It was after dinner, in the smoking-room, that our hero found himself in the midst of a party of men hotly discussing politics. The conversation was led by a colonial, who was taking the part of the Government, and a Jingo of the first water, who was as hotly defending the freebooters and rebels.

‘It is no use talking,’ said the latter, who was burdened with the name of Bock; ‘the Boers will ultimately have to go under. They are in the minority; they are illiterate; they are only half civilised! They are Boors, and it is presumptuous to hold that they will continue to rule this country—still less that they will ever rule South Africa! Englishmen are bound to chuck them out in the end.’

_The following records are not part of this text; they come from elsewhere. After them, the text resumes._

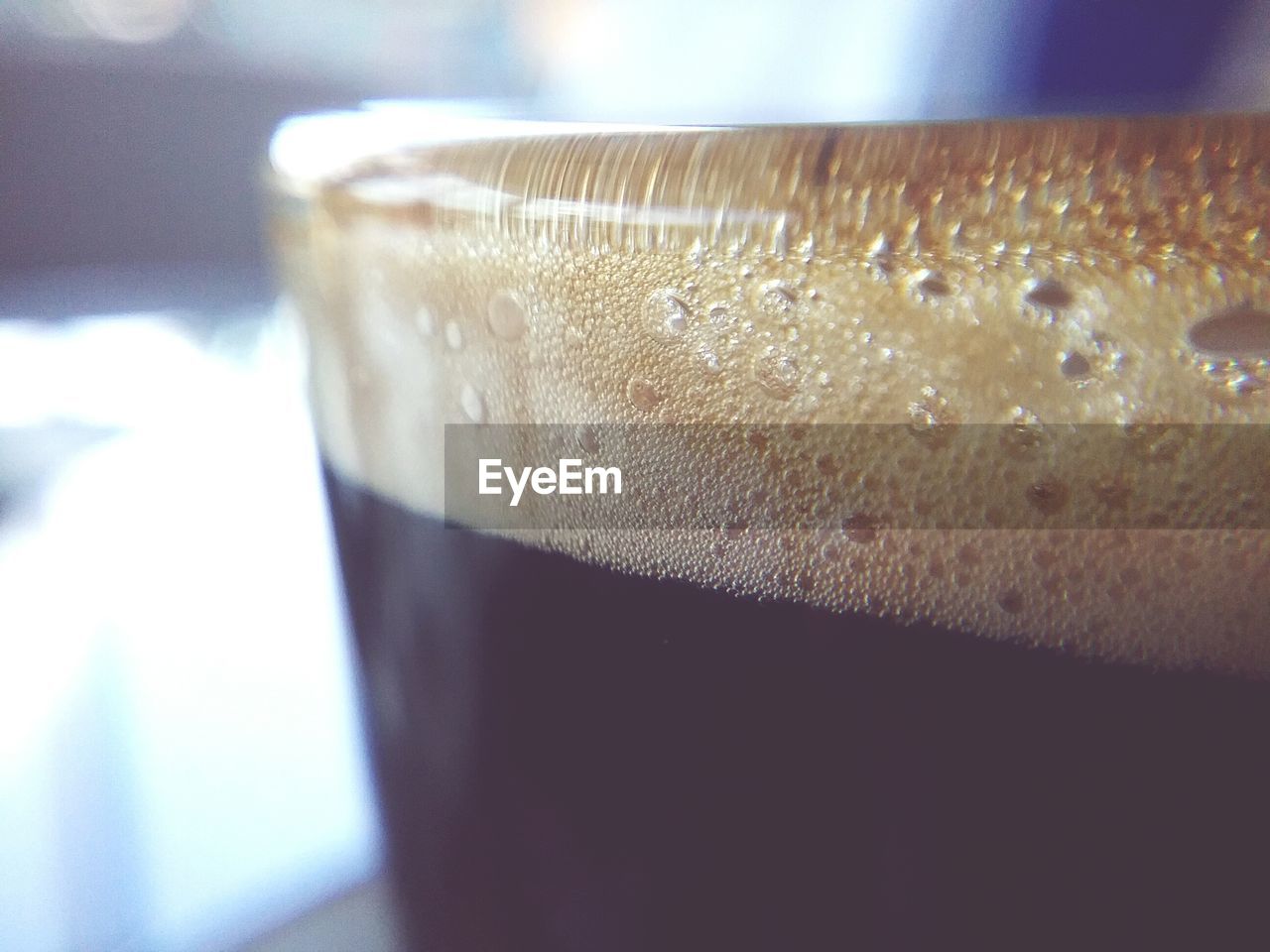 CLOSE-UP OF BEER GLASS ON TABLE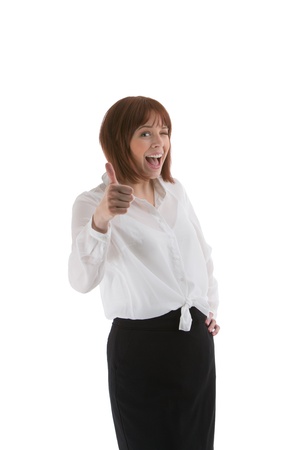 Playful young business woman giving a thumbs up of approval and winking, isolated on whiteの写真素材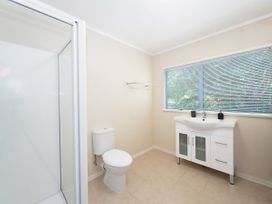 A bathroom with a shower and sink at Camellia with WiFi - Paihia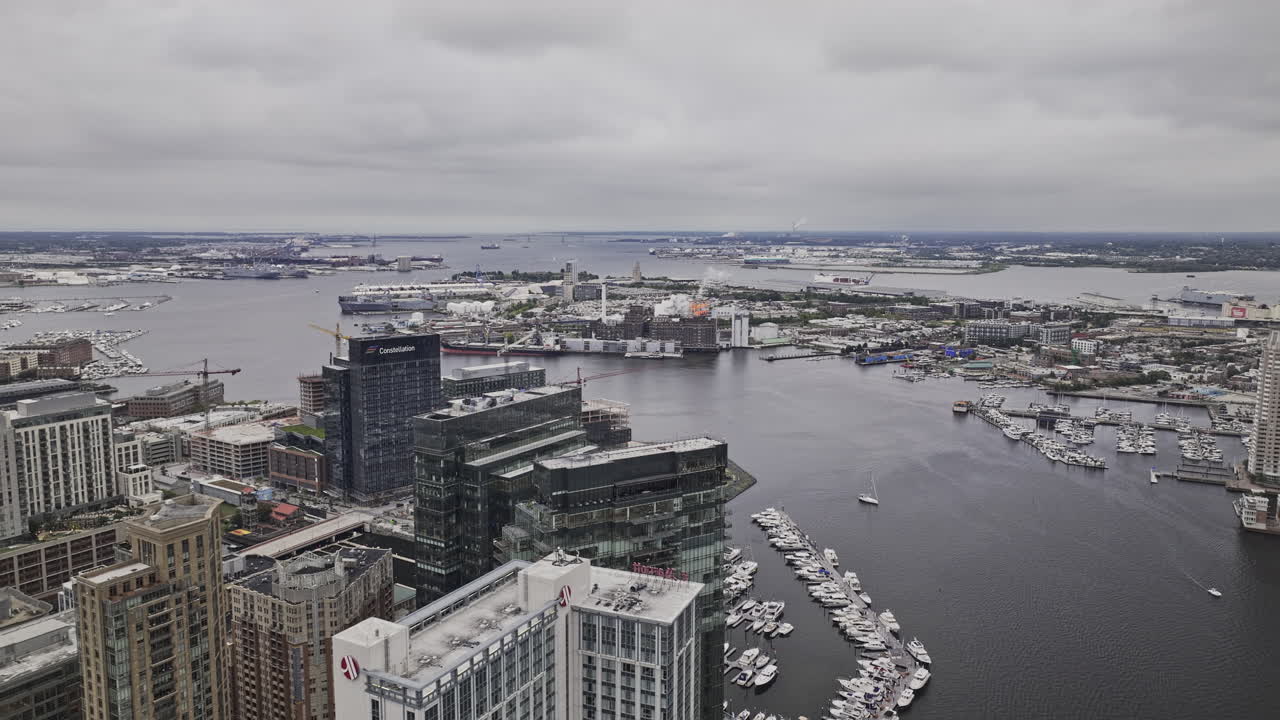 Baltimore Maryland Aerial v83 flyover Harbor East capturing waterfront development, marina and views of Locust Point across Patapsco river on overcast day - Shot with Mavic 3 Pro Cine - Sept 28th 2023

‘Anyone can see that you are using the hackneyed arguments of the Jingoistic enemies of the Government, and that you are not speaking from your own knowledge or experience, but from what you have read in Jingo papers. It is true the Boers are illiterate, or the majority of them are; but it is also true that those few who have had the benefit of education have proved that the Afrikander is as capable to learn, and as susceptible to education, as any race in the world. As to civilisation—they are more civilised, as civilisation is taught in the Christian code, than many of their European contemporaries.’

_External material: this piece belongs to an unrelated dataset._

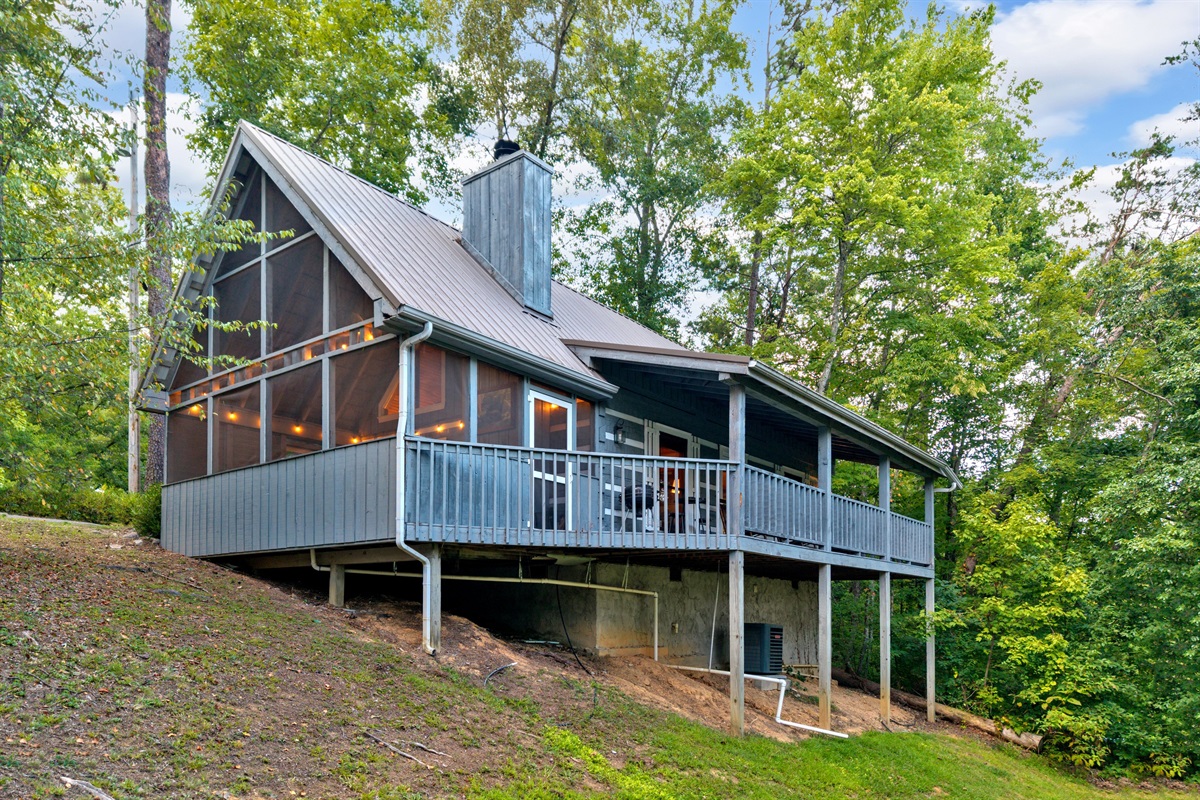 Romantic cabin surrounded by trees — your Smoky Mountain getaway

‘If you call Bible reading and psalm singing, civilisation, I won’t argue the matter with you; in any case, they are bound to bend before the English race, sooner or later.’

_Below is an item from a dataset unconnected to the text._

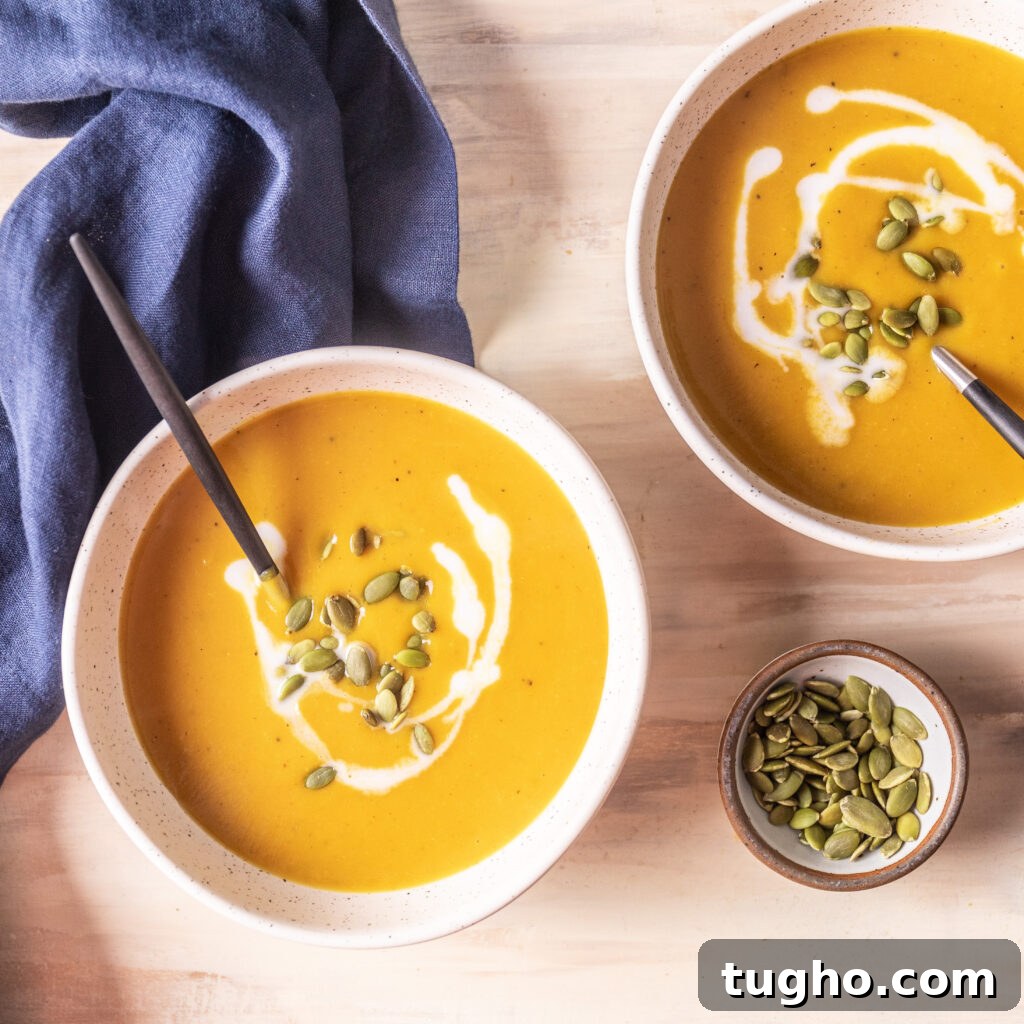 Velvety Roasted Butternut Squash and Carrot Soup Recipe 6 2 bowls of butternut squash and carrot soup topped with pepitas and coconut milk, with a small bowl of pepitas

‘By your faith shall ye be saved!’ interposed Steve.

‘By which you mean, sir?’ inquired Bock.

‘I mean that the Boers do not believe that salvation lies in superior learning, in high civilisation, or in superiority of numbers or arms, but in right and justice and the blessing of God?’

‘Cant!’ was the sneering reply of Bock.

‘You may call it cant if you like. But it was such cant that gave Dingaan and his twelve thousand warriors into the hands of five hundred Boers. It was such cant that enabled the Boers to carry on the war of independence against mighty England to a successful issue. It was such cant that brought the elaborate plots of Rhodes, Jameson and the Johannesburg revolutionists to utter failure. It will be such cant that will make South Africa a free and united Republic, in which all the races of the world shall live free and united! The Boers believe in the efficacy of prayer: they believe that by prayer and through faith they can move mountains, and—England itself.’

‘Bah! do you believe in such nonsense? Do you really believe that you have only to ask God, if God there be, for anything you want, from a needle to an anchor, to receive it?’